During a shutdown, federal employees — including government lawyers — must have specific authorization to continue working, since it’s illegal for them to do so without pay. In this case a judge on the case must effectively make that authorization.

The FCC is among the many agencies and organizations affected by the shutdown, and many employees are stuck at home. As such it requested a postponement of an upcoming court date at which it and several companies and advocacy groups are scheduled to argue over its rollback of net neutrality.

A counter-argument filed immediately by industry group INCOMPAS pointed out that during previous shutdowns, the court had not granted such requests and should stick to that precedent.

The judges of the D.C. Circuit Appeals Court appear to agree with the latter argument; the FCC’s motion was denied and arguments will go forward as planned on February 1.

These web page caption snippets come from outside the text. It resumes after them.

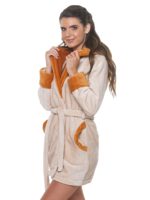 Dámsky župan FOX BEIGE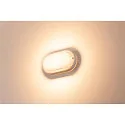 SLV LED Udendørslampe TERANG 2 Væg-/Loftlampe, oval, 120°, SMD LED, 3000K, IP44, hvid
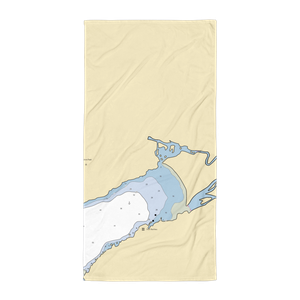 Port Renfrew Marina & R.V. (Sekiu, WA) NOAA Chart Towel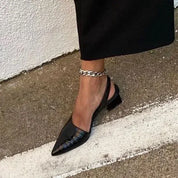 Elegante dames pumps met crocoprint - Delphine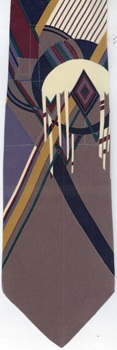 Frank Lloyd Wright architect designer decorator necktie ties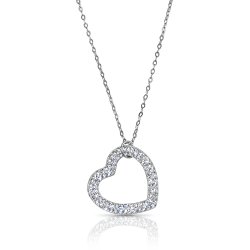 swarovski heart necklace - 925 sterling silver  swarovski heart necklace - 925 sterling silver
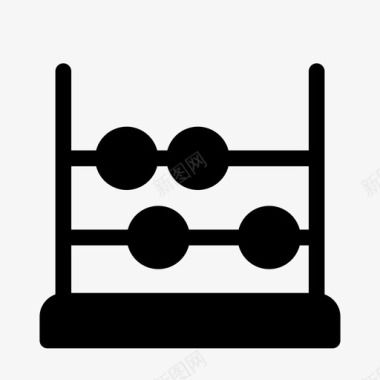 算盘矢量图算盘婴儿计算器图标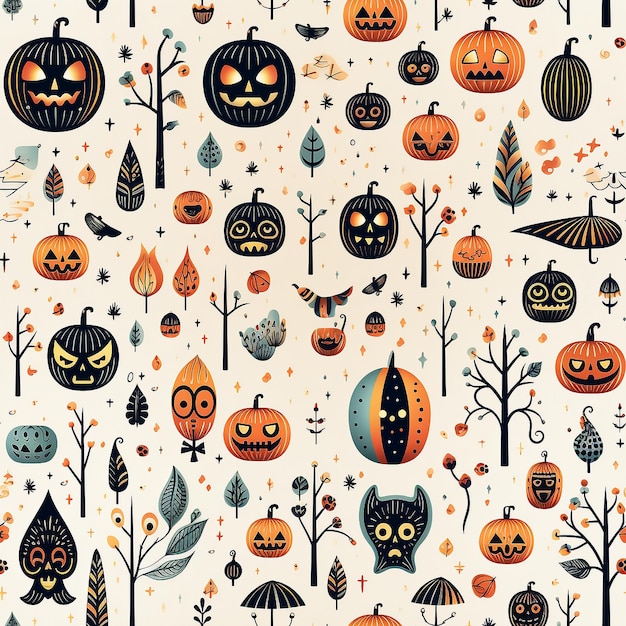 Fond graphique d'Halloween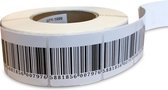 1000st Beveiligingsstickers EAS RF 8,2Mhz 5cm x 5cm Barcode Stickerlabels Softtags tegen winkeldiefstal. Geschikt voor elk RF Radio-Frequent detectiesysteem. Zelfklevende Beveiligingstags voor Artikelbeveiliging door ShopControl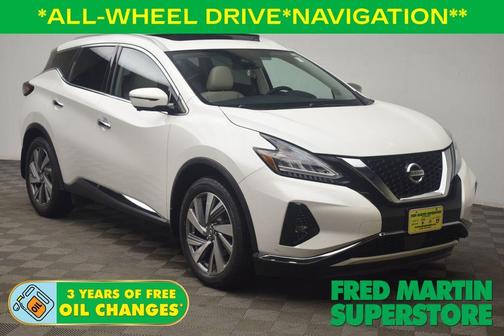 White 2020 Nissan Murano SL
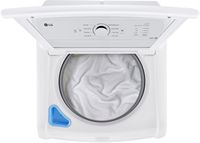 LG - 4.3 Cu. Ft. High-Efficiency Top Load Washer with SlamProof Glass Lid - White - Alternate Views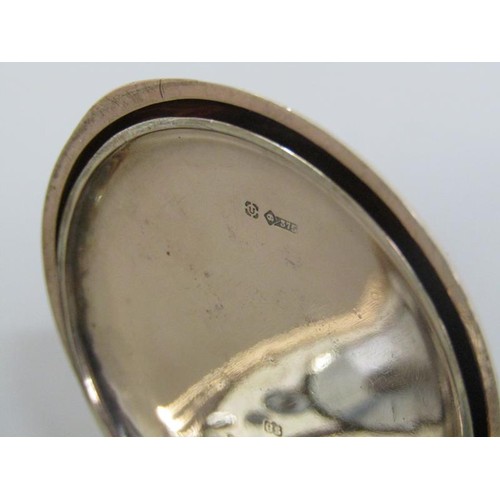 98A - A 9ct gold cased half hunter pocket watch with a movement stamped Tavannes Watch Co, total 7.9g, 4.7... 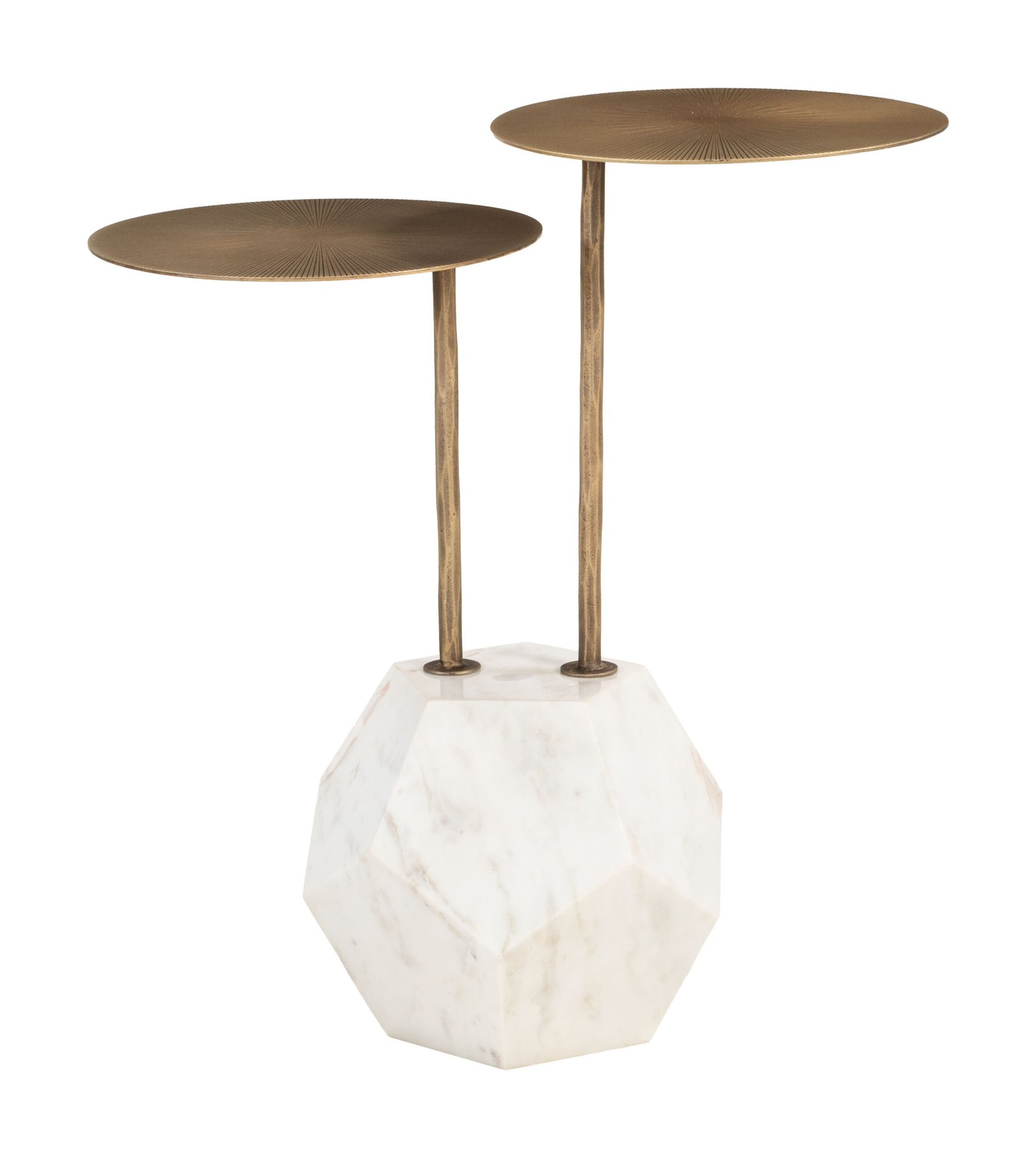 Anten Side Table Brass & White - Image 5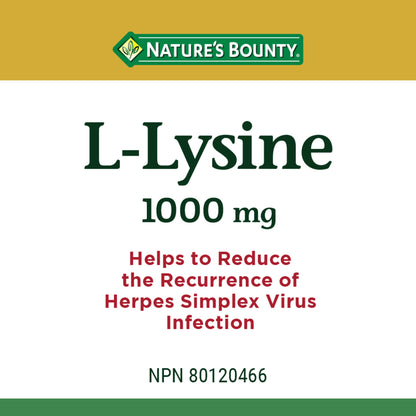 L-Lysine, 1000 mg, 60 Tablets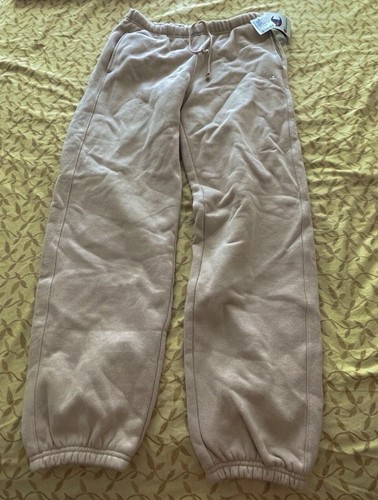 New Champion Reverse Weave Sweatpants Adjustable Lounge Women Body Beige Small S - Picture 2 of 6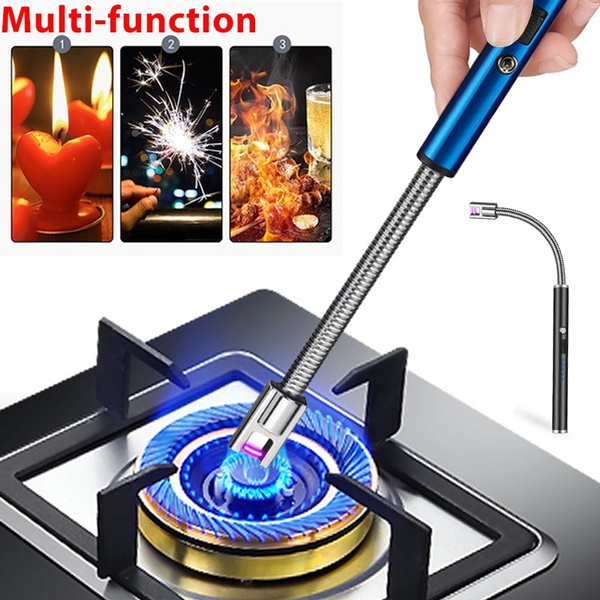 8 Colors Rechargeable USB Gas Cooker Kitchen Charging Igniter 360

This is definitely not good news for the FCC. While it no doubt has its ducks in a row as far as defending its net neutrality rollback and new rules in court (it has done so before and will again), it’s far from ideal that the case will take place after a prolonged absence of all the pertinent experts from their posts. Briefing the lawyers, updating arguments, responding to industry concerns — it’s not easy to do when all your staff is sitting at home watching Bandersnatch over and over.

The lawsuit against the FCC has lots of good points to make about the rules it has established and the process by which it approved those rules, so this is no mere formality or frivolous suit. And net neutrality champions are likely happy to hear that they may very well catch the agency flat-footed.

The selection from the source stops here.